=== Problem to work on ===
Reproduce the records below exactly from their first line through the line containing "Mountain Forest Sunset", omitting all pictures.

+++++

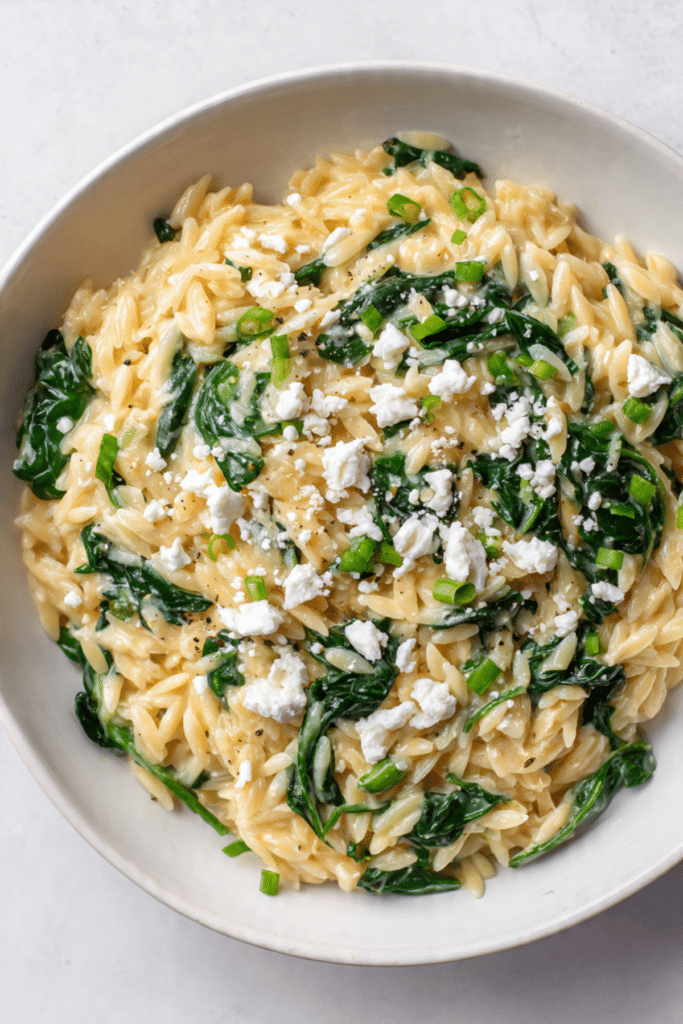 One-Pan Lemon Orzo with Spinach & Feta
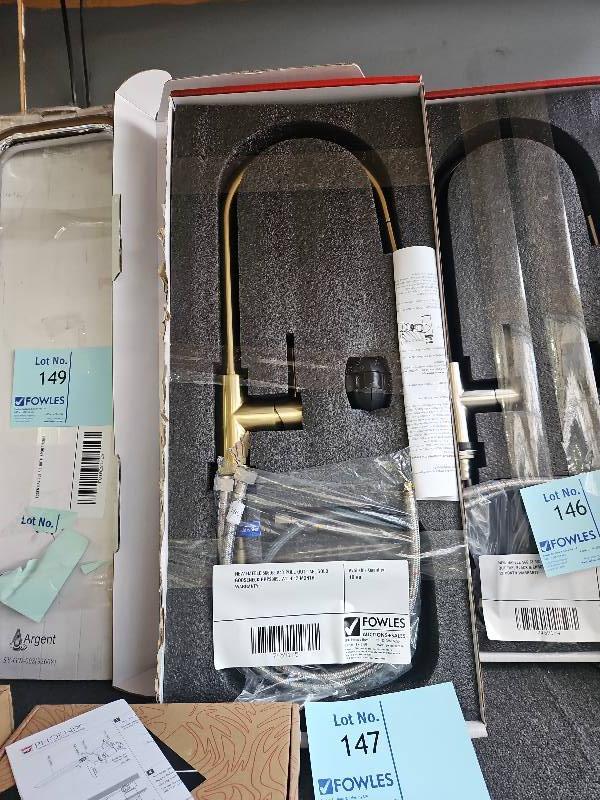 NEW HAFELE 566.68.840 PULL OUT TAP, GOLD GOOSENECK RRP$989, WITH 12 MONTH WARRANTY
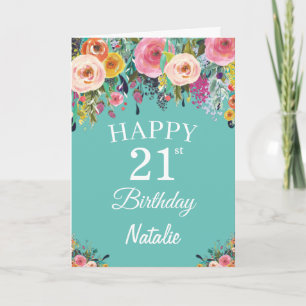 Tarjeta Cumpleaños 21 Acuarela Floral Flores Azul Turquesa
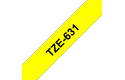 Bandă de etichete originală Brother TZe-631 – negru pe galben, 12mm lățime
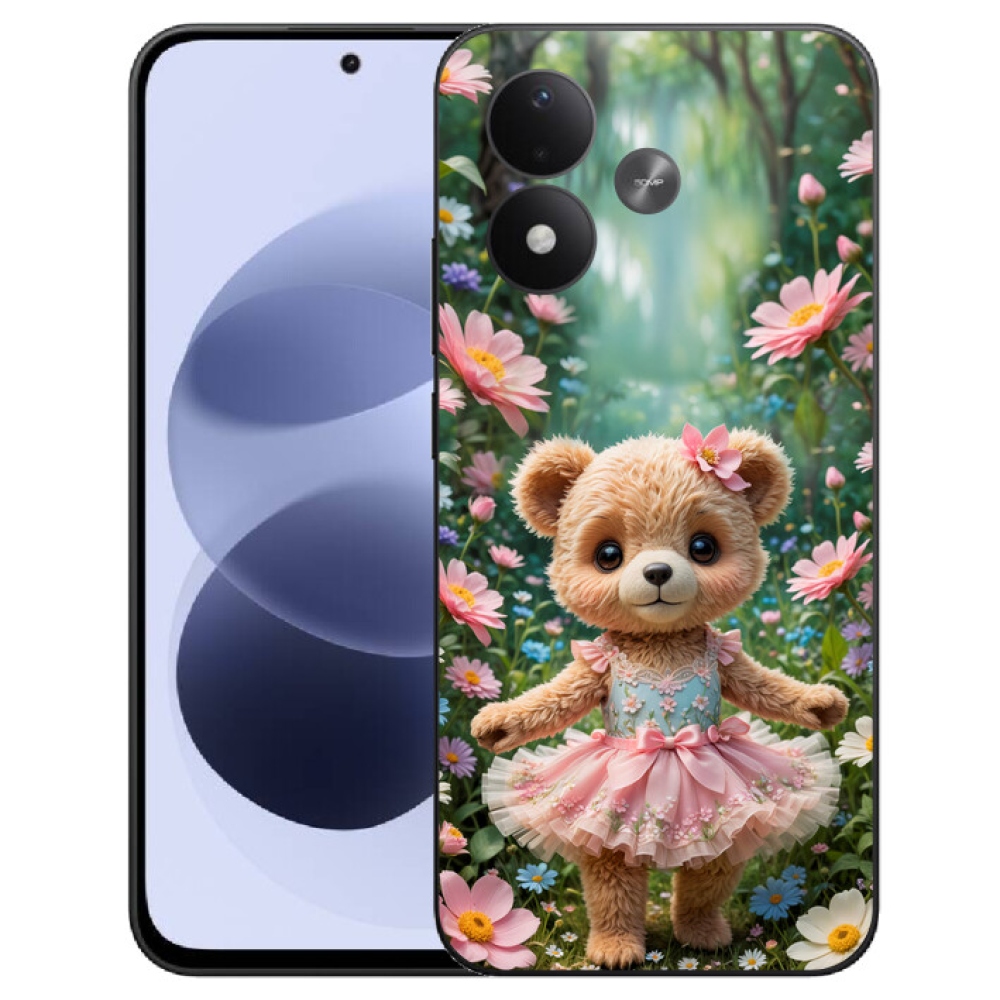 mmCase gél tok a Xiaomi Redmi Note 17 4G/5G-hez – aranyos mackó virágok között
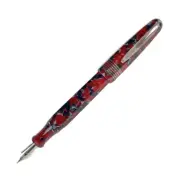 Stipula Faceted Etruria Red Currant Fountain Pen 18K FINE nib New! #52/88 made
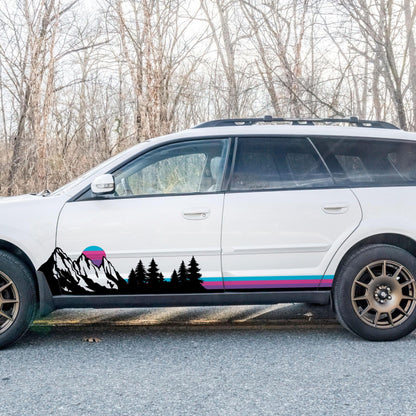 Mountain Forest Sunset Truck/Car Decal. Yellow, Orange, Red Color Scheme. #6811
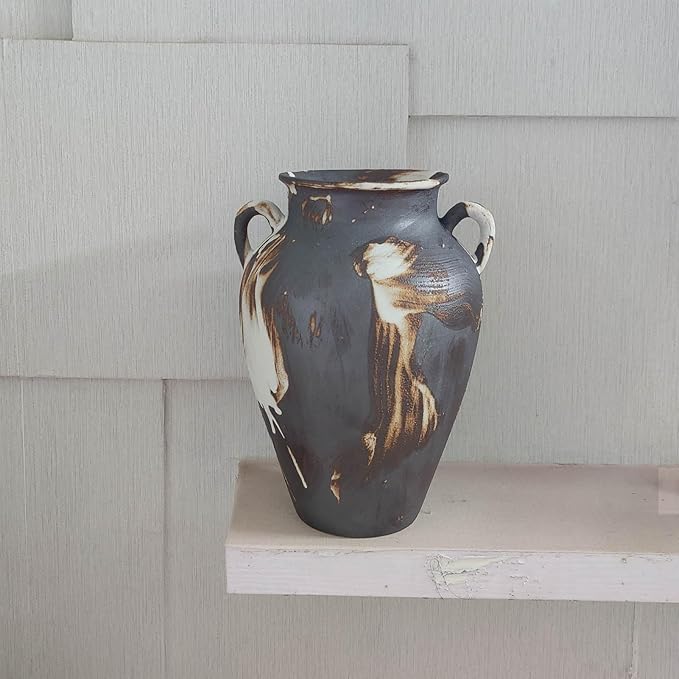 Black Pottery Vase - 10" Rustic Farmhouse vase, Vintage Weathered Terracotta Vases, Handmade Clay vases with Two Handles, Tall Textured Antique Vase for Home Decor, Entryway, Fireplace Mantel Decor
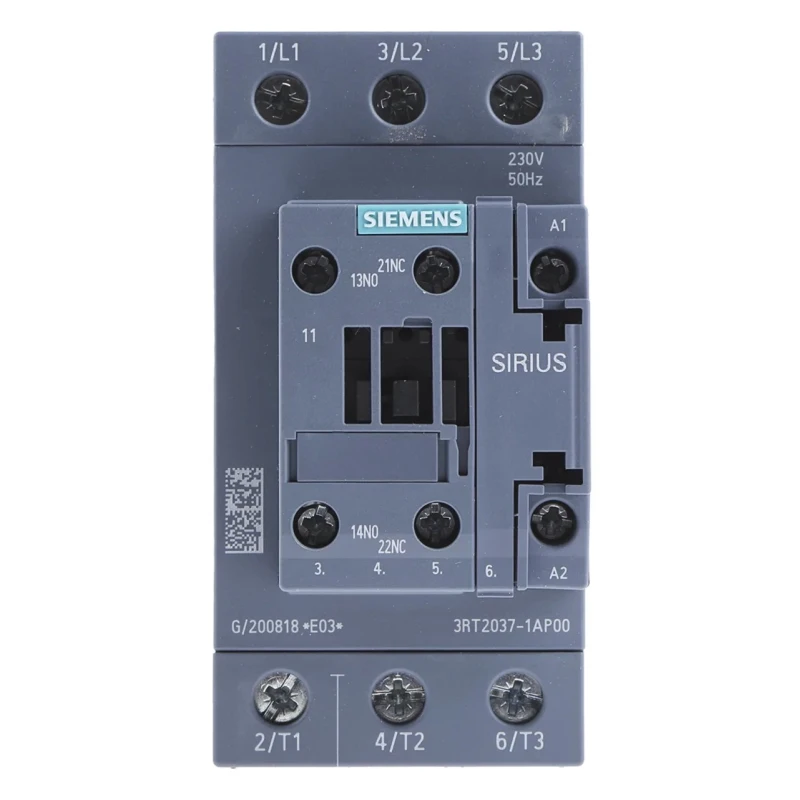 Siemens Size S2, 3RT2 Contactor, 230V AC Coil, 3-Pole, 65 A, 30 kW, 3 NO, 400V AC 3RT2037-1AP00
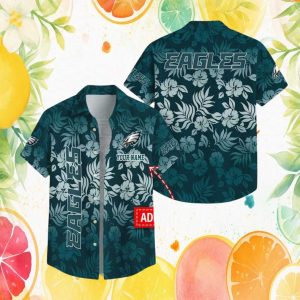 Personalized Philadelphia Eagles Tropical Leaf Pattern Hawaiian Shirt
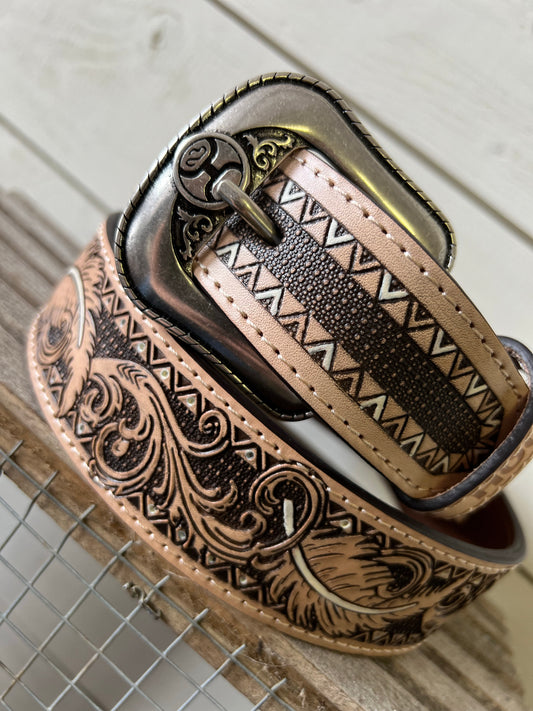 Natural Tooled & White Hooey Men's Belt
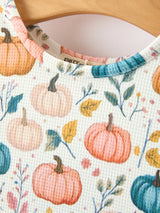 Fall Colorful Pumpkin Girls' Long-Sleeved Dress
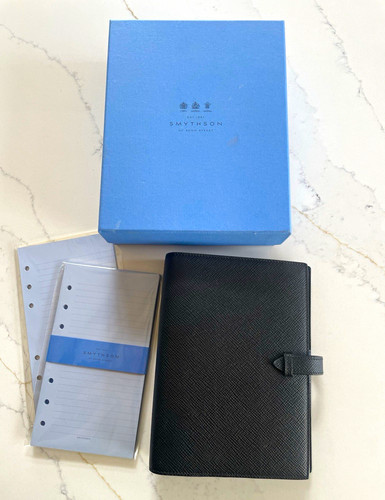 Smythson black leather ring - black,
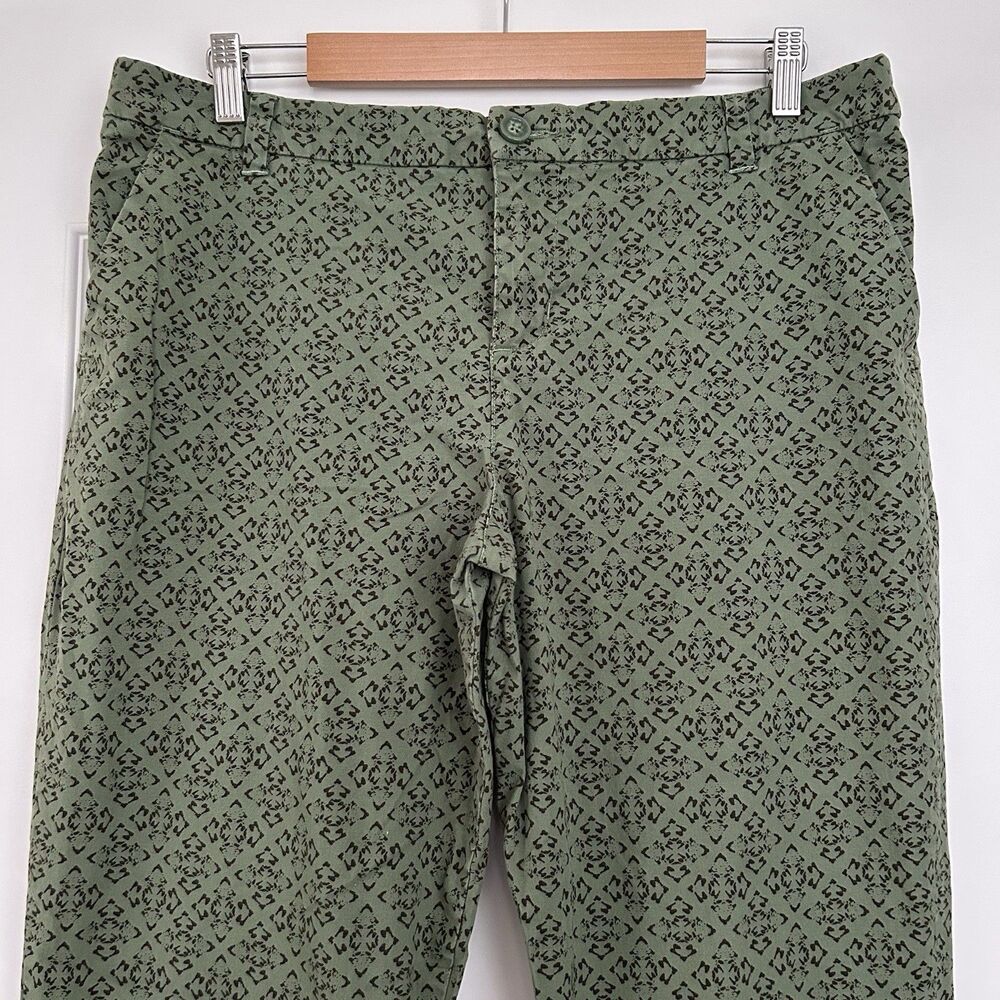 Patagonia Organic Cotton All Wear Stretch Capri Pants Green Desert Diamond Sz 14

+++++

=== Output ===
 One-Pan Lemon Orzo with Spinach & Feta
 NEW HAFELE 566.68.840 PULL OUT TAP, GOLD GOOSENECK RRP$989, WITH 12 MONTH WARRANTY
 Tarjeta Cumpleaños 21 Acuarela Floral Flores Azul Turquesa
 Bandă de etichete originală Brother TZe-631 – negru pe galben, 12mm lățime
 mmCase gél tok a Xiaomi Redmi Note 17 4G/5G-hez – aranyos mackó virágok között
 Stipula Faceted Etruria Red Currant Fountain Pen 18K FINE nib New! #52/88 made
 Mountain Forest Sunset Truck/Car Decal. Yellow, Orange, Red Color Scheme. #6811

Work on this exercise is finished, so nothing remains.